*** Data provided Section Begins ***

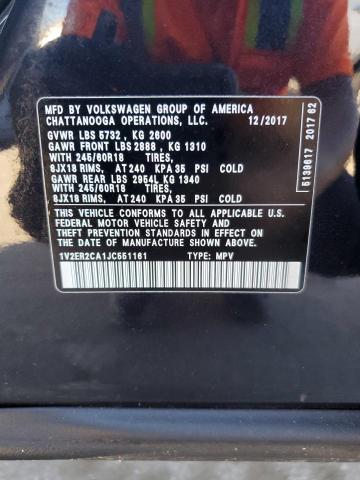 1V2ER2CA1JC551161 - 2018 VOLKSWAGEN ATLAS SEL Qara foto 13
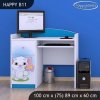 Psací stůl Happy B11 -  kočička s květinou (Barva bílá)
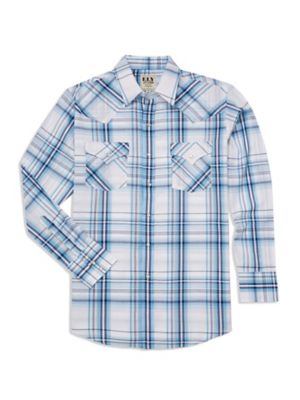 Ely Cattleman Textured Plaid Western Long-Sleeve Button-Down Shirt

*** Data provided Section Ends ***

### [Brief]
Restate the material above word for word, so that nothing changes except that the pictures are gone.

### [Answer section]
 1V2ER2CA1JC551161 - 2018 VOLKSWAGEN ATLAS SEL Qara foto 13
 Psací stůl Happy B11 -  kočička s květinou (Barva bílá)
 Ely Cattleman Textured Plaid Western Long-Sleeve Button-Down Shirt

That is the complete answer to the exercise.